The trouble with your attempt on computing the dimension of the figure 8 is that the definition of dimension used for manifolds  simply does not work when you try to apply it to spaces which are not manifolds, and figure 8 is not a manifold. In contrast, what your friend explained is that the standard drawing of figure 8 in the plane results in a space which is a countable (actually, finite) union of subsets each of which is diffeomorphic to an interval. From this, with a bit of work, it follows that Hausdorff dimension is exactly 1, when one uses the restriction of the Euclidean metric from the plane to the figure 8.
There are many other definitions of dimension in geometry and topology, so, before trying to argue about dimensions one should settle on the precise definition. The most commonly used definition of dimension for topological spaces is the Lebesgue covering dimension. My suggestion is to read the definition and then verify that figure 8 is indeed 1-dimensional in this sense.
Edit.
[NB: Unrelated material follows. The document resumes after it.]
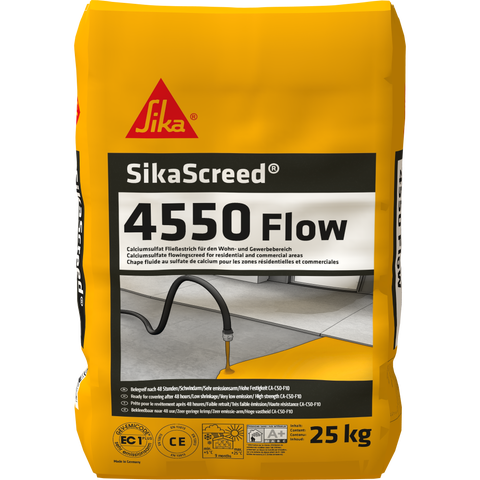 SikaScreed®‐4550 Flow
One more thing: The terminology "Hausdorff space" used in the title of your question normally means "Hausdorff topological space." In the context of the figure 8 embedded in the plane, Hausdorfness is automatic. What you should specify instead is if you consider a topological space or a metric space. This (while insufficient) would indicate different notions of dimension. In the case of the usual drawing of the figure 8, however, both notions give you the same answer.